Reset

We seperated the instantiation of the python object that represents the environment from the actual initialization of the SOFA simulation. This means that after you instatiate the environment with env = SofaEnv(), the simulation is not yet ready. The simulation is initialized when you first call env.reset().

We made this destiction between instantiating the python object and initializing the SOFA simulation to be able to use parallel environments. Only one SOFA simulation can exist in a single process (due to SOFA’s implementation). By separating python object instantiation from SOFA simulation initialization we can create multiple environments in the parent process, move each environment to a separate process and then initialize the SOFA simulations in their own isolated processes.

frame_skip and time_step

The stability of a simulation is closely related to the amount of time you want to simulate in a single simulation step, specified by time_step. The smaller this time step, the more stable and accurate the simulation will be, but it also means simulating a fixed amount of time comes at a cost of more computation time. If we want to simulate the behavior of an object along one second and our time step is 0.1 seconds, we need 10 simulation steps and with 0.001 we need 1000 steps. The first will be faster and the second more accurate and stable. The optimal value is highly dependent on your specific simulation.
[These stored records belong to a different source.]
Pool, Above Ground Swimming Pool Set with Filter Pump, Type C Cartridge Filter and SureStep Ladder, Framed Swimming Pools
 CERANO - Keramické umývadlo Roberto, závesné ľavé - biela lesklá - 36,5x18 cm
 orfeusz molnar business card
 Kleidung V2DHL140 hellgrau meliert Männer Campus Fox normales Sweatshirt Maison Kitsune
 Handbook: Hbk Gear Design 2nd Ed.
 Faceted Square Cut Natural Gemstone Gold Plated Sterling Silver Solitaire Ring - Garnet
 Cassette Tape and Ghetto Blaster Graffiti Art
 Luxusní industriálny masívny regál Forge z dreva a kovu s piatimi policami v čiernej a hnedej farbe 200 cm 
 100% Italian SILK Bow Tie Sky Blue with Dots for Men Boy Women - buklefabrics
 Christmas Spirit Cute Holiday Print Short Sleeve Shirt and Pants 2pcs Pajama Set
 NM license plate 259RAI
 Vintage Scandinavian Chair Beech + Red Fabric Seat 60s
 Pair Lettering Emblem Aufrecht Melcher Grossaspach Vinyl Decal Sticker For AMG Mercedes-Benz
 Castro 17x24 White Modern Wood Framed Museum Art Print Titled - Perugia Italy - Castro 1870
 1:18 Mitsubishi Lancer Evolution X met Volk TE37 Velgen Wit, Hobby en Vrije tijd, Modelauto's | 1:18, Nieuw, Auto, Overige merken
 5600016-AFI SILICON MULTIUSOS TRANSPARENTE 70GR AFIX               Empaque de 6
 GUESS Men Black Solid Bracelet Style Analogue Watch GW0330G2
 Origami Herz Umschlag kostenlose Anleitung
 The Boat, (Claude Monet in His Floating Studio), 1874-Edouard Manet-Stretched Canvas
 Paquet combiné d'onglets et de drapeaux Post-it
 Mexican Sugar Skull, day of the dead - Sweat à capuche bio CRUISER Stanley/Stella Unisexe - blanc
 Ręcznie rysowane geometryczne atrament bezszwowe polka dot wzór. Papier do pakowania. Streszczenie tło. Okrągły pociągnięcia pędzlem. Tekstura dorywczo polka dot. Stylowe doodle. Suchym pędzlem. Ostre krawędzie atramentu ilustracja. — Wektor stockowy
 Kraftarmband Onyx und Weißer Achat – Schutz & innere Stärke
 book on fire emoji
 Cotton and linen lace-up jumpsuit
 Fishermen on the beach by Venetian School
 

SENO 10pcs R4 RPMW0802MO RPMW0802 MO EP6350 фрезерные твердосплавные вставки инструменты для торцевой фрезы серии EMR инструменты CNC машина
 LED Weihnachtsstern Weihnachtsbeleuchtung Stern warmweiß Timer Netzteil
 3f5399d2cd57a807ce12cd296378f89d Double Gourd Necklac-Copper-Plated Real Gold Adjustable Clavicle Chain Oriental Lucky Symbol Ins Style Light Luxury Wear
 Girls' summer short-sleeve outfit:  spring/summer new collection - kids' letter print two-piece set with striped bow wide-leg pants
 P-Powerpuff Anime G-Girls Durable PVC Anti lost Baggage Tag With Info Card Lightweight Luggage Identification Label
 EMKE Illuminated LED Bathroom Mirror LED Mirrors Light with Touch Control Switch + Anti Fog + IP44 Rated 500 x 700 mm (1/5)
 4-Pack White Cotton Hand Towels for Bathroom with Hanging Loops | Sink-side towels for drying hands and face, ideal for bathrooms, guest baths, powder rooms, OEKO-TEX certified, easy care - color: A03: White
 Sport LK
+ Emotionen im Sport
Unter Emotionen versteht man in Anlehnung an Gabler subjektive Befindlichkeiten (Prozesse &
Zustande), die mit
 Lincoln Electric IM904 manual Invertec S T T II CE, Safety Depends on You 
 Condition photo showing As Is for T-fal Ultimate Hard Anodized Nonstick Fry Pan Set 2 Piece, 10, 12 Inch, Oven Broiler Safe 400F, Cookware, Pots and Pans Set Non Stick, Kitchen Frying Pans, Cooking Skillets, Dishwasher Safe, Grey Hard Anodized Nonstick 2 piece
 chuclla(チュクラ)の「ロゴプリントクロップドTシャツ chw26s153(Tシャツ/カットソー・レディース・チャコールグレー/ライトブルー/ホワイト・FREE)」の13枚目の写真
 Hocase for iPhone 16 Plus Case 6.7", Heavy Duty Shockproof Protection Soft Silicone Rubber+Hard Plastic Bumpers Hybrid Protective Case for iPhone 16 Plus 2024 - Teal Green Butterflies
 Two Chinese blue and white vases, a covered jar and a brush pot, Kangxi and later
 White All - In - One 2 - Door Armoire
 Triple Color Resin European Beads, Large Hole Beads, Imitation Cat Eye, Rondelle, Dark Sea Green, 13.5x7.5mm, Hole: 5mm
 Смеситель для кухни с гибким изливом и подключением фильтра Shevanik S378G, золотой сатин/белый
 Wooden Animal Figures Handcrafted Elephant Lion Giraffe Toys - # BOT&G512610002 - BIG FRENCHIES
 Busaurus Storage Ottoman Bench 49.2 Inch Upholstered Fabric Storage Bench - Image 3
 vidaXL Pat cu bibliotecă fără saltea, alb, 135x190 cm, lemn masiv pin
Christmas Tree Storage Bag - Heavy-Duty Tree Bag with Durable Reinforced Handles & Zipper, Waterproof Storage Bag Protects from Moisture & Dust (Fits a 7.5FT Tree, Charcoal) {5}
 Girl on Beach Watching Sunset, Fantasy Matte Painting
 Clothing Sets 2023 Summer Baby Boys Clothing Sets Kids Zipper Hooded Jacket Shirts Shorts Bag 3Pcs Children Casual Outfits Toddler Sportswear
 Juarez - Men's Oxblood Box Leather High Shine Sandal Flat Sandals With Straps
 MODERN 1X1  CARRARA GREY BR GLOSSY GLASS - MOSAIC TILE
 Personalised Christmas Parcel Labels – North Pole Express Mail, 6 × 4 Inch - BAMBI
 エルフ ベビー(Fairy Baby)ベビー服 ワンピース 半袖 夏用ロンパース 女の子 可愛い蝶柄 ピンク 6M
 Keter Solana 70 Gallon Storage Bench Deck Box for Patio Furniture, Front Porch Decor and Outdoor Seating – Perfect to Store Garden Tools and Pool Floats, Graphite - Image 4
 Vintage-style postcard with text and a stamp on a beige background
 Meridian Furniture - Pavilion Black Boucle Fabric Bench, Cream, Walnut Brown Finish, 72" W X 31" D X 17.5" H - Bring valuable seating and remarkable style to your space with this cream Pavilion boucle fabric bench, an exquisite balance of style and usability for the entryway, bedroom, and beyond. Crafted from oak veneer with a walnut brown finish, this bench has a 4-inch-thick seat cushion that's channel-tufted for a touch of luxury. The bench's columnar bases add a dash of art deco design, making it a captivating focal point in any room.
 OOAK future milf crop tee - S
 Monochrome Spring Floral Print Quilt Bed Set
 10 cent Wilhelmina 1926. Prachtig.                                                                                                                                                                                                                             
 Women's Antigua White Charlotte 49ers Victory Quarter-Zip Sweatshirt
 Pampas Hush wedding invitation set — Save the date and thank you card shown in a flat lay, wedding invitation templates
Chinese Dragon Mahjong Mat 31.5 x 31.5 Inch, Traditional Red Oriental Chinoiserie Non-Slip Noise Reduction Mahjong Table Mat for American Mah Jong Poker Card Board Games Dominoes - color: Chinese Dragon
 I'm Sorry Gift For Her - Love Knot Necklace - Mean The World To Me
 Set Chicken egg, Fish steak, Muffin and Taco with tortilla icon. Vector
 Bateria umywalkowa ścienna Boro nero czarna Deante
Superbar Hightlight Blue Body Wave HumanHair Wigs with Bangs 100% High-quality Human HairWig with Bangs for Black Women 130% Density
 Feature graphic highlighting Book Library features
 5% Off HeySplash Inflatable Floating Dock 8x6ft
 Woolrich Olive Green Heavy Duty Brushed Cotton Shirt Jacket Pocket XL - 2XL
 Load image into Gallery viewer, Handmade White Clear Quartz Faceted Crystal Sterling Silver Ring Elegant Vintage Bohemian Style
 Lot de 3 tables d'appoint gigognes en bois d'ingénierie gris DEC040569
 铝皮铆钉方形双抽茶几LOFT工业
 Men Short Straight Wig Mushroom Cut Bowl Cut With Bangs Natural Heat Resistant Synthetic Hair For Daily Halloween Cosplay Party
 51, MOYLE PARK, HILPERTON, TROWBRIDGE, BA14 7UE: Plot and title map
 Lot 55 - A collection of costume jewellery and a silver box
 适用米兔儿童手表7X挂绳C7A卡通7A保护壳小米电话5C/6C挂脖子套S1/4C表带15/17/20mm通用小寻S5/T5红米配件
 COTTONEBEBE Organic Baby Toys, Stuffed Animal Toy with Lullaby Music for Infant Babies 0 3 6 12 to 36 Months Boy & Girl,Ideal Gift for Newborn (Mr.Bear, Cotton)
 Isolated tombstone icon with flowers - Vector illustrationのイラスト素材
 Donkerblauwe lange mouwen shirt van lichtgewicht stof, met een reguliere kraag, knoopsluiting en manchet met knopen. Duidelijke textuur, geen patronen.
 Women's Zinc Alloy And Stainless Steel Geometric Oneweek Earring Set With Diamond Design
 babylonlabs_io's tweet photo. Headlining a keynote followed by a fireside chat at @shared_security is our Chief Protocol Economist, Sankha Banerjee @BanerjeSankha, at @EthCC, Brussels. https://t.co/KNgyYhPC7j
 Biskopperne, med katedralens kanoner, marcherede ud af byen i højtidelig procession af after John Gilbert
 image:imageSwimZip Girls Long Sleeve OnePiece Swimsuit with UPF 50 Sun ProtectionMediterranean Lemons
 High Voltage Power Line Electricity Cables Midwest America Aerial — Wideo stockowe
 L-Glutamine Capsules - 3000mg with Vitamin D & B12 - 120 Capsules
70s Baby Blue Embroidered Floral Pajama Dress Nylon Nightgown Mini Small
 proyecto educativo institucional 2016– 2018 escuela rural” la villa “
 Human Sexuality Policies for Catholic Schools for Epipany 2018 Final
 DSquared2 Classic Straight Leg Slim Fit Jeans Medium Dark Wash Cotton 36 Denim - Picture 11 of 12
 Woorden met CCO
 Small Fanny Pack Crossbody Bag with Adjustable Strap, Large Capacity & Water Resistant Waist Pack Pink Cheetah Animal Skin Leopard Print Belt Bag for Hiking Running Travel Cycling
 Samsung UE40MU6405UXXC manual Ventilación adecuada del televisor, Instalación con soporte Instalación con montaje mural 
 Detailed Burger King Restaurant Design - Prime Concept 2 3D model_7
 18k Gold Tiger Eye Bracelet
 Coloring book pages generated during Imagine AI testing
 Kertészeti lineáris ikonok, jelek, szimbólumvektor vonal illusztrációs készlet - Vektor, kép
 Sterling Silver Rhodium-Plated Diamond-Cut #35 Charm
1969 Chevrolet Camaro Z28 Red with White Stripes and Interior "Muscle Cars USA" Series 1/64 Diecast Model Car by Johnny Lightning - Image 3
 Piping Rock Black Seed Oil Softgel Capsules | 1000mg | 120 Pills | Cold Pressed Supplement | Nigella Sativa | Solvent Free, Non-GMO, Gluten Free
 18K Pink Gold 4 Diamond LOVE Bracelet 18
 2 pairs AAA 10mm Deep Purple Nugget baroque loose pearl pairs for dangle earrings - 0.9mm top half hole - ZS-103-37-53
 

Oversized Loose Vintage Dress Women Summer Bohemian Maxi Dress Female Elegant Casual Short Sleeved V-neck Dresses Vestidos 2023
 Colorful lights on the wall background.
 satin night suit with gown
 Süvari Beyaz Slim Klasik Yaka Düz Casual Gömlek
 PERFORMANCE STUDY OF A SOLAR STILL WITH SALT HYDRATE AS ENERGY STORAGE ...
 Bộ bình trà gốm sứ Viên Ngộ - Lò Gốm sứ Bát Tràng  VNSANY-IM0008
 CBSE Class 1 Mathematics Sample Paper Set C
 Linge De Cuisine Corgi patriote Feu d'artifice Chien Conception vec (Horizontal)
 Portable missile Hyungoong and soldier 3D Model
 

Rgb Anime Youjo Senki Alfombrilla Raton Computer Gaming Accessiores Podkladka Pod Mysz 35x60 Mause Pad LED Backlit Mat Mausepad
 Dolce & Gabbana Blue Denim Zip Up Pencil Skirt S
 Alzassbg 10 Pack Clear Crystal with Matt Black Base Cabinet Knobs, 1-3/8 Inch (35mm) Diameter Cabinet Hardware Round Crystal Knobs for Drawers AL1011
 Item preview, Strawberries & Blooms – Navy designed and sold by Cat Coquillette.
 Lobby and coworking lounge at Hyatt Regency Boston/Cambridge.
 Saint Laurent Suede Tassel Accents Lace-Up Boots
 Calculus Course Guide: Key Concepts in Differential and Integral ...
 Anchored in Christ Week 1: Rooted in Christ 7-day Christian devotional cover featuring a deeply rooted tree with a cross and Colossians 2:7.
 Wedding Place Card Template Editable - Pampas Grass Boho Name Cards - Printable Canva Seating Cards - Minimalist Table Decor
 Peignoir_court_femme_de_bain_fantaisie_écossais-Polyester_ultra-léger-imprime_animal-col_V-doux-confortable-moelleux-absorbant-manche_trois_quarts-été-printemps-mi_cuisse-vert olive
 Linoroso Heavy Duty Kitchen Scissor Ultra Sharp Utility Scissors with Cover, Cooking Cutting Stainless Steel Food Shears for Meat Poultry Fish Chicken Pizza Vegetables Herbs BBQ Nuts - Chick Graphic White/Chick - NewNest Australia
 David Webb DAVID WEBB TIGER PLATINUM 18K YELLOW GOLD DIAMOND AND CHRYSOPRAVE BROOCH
The frequency at which observations are returned from the environment (and thus the frequency at which the agent gets observations and has to act) can be decoupled from that with the frame_skip parameter.

The action, passed to the environment in the step function is applied frame_skip times, before updating the observation. The time distance between observations is frame_skip * time_step. This way we can decouple observing new states from the simulation time_step, to find an optimal trade off between simulation stability and speed without affecting the agent’s observation. Keep in mind, however, that the actions should represent physically meaningful things like a velocity in meters per second. You will have to account for the simulations time_step.

Additionally, we often try to make a task less ambiguous, by passing more than one observation to the agent at a time. If the time step is very small, however, the difference between the observations is minimal and spacing them out more may be more beneficial to properly learning the task. This can change the learning task from trying to choose route directions every millimeter to chosing them every meter.